Combine the garlic, thyme and oil and rub onto both sides of the quail. Season and lay skin side down on the bench. Place half a potato on the breast meat, rounded side down, and fold in the sides to reshape the quail. The join can be secured with a toothpick. Turn breast side up.

Lay 2 strips of bacon on the bench and place a quail on top. Wrap so the breast and legs are totally covered, with only the tips of the legs sticking out. Place a bay leaf over the breast and tie with string to secure.

Place on a lightly greased or Teflon sheet-lined baking tray and roast for 25 minutes. Rest, loosely covered, for 10 minutes.

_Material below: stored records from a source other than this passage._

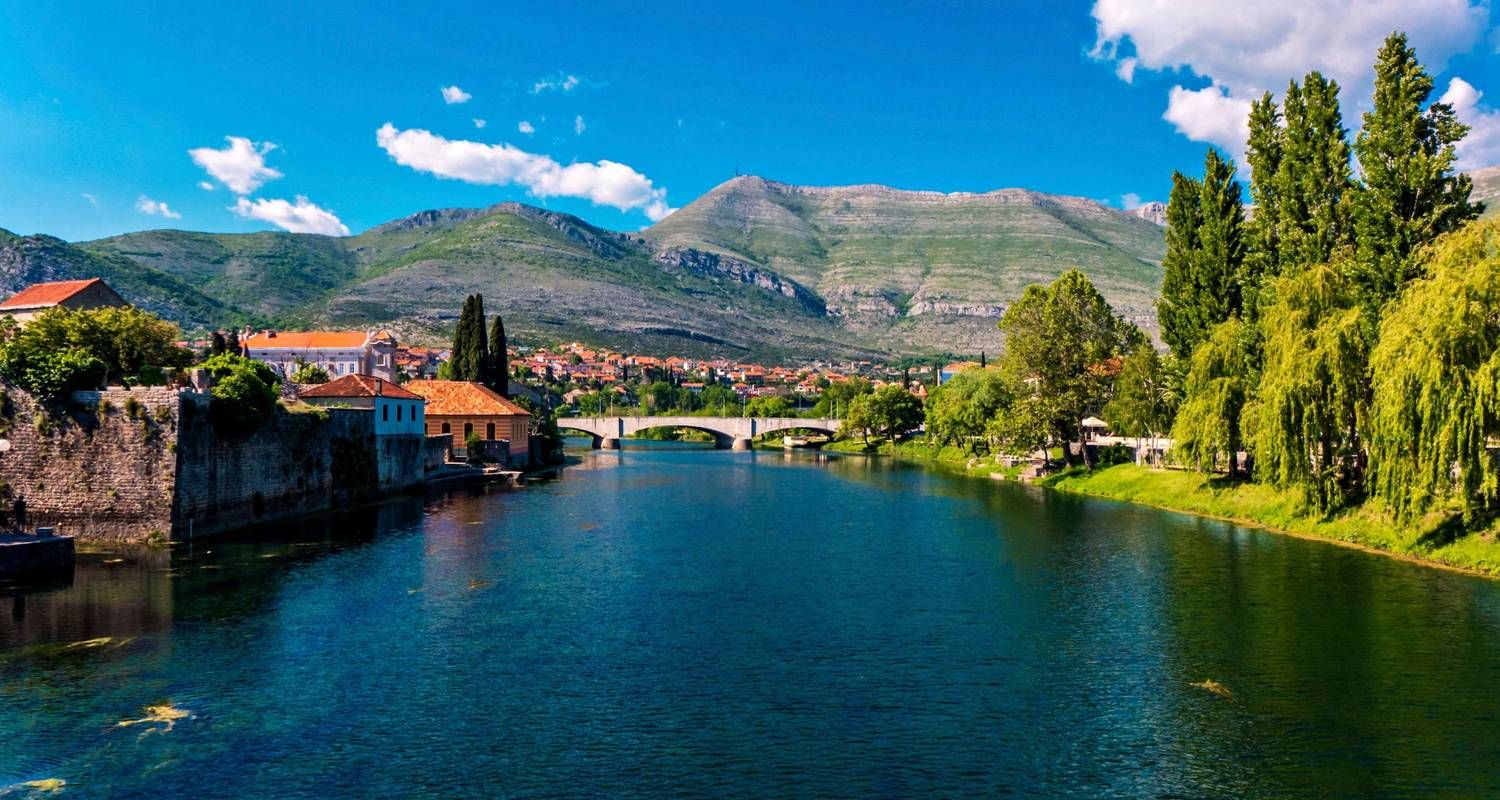 Amazing tour in Bosnia and Herzegovina: UNESCO sites and other top destinations on a 17-days tour from Tuzla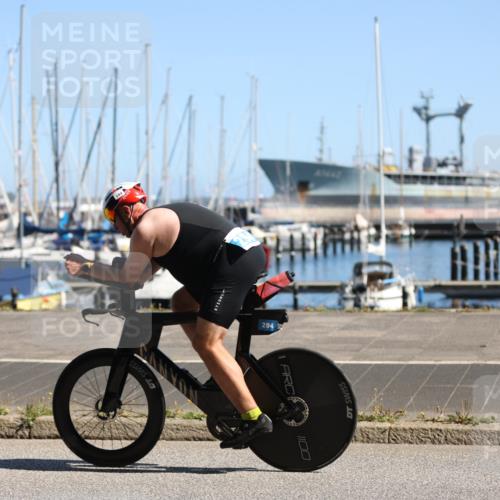 17.08.2025 - KN Förde Triathlon 2025 Yannick Fuchs http://msf.ph/oto/8623660 17.08.2025 11:17:07 Radfahren 261, 294, 299, 300, 376, 623, 299, 300, 622, 629 meine-sportfotos.de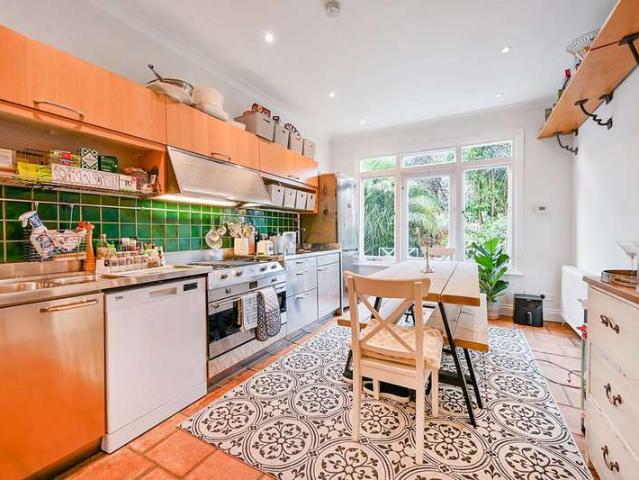 Terraced House for sale in Grove Park, Grove Park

To serve: Remove the string and cut each quail in half through the breast. Arrange 3 quail halves on each plate and drizzle over any pan juices. Roasted vine tomatoes are a nice accompaniment. 

If you prefer not to use boned quail, just place the potato in the cavity of each quail along with a sprig of thyme, a slice of garlic and season.

Menu: Serve Rhubarb and Almond Cake to finish.


Salad: Whisk all the dressing ingredients together and season with sea salt and freshly ground pepper.

Tear the radicchio into large pieces and place in a bowl. Separate the endive leaves and add to the radicchio with the cos and fennel.

Use your hands to toss the salad with enough dressing to just coat the leaves. Place in a serving bowl and scatter with a little sea salt and freshly ground pepper.